## EXERCISE BRIEF
When you transcribe the data below, reproduce every line exactly and leave each picture out.

+++ DATASET CONTENT +++

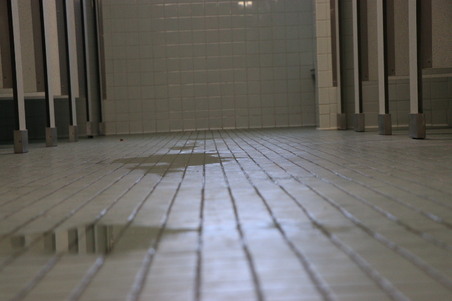 Enlarge photo 27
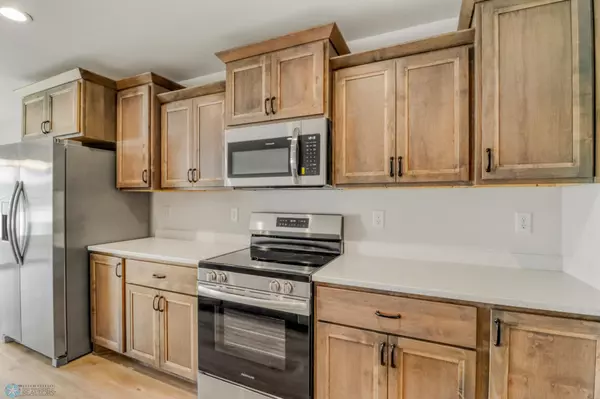 Moorhead, MN 56560,3515 18th ST S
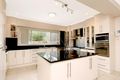 Property photo of 37 Amy Hawkins Circuit Kellyville NSW 2155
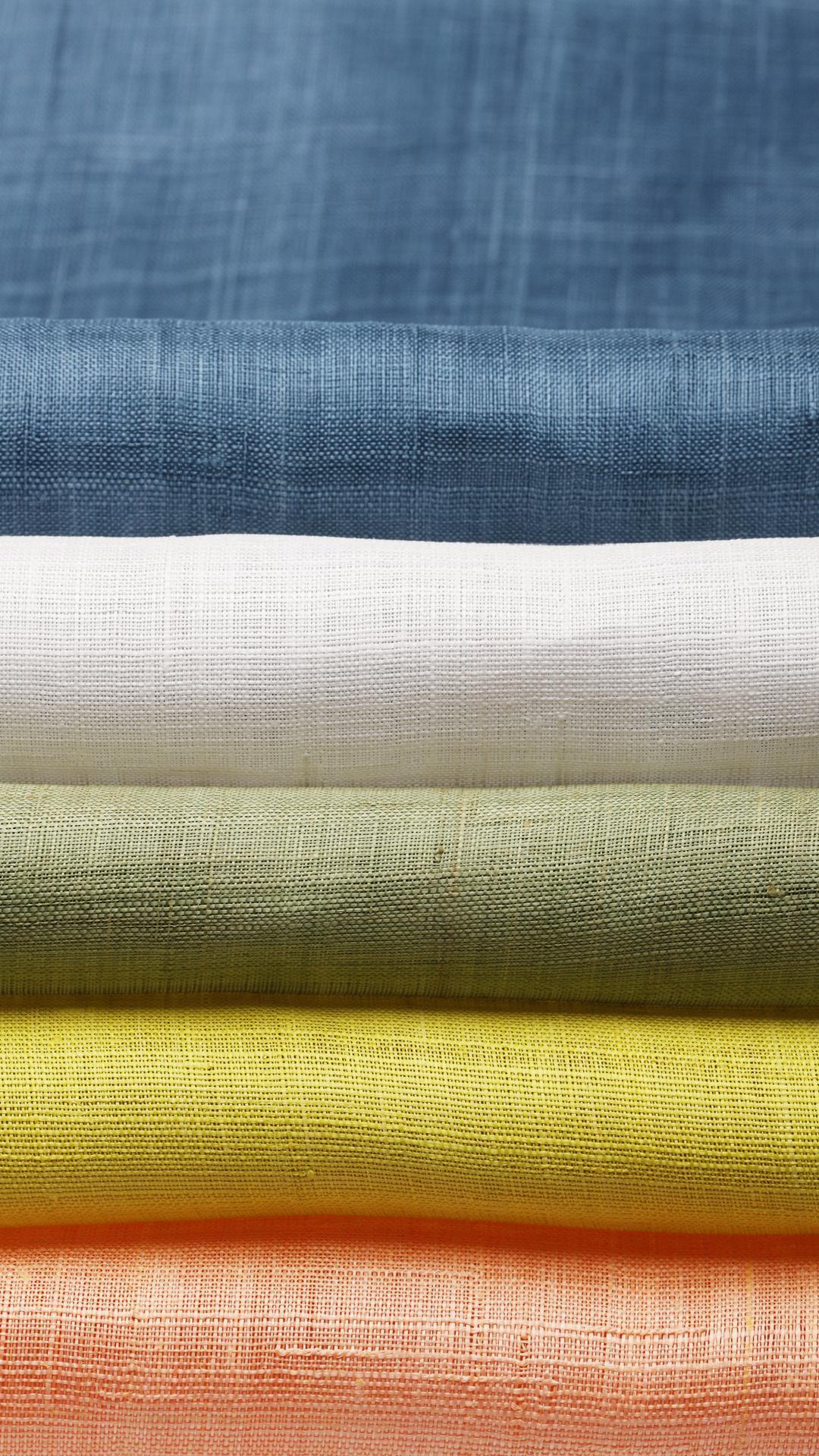 ELEPHONE_P9000_E_Stock_Wallpapers_by_AREA39-X~02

+++

## SOLUTION FOR THIS EXERCISE
 Enlarge photo 27
 Moorhead, MN 56560,3515 18th ST S
 Property photo of 37 Amy Hawkins Circuit Kellyville NSW 2155
 ELEPHONE_P9000_E_Stock_Wallpapers_by_AREA39-X~02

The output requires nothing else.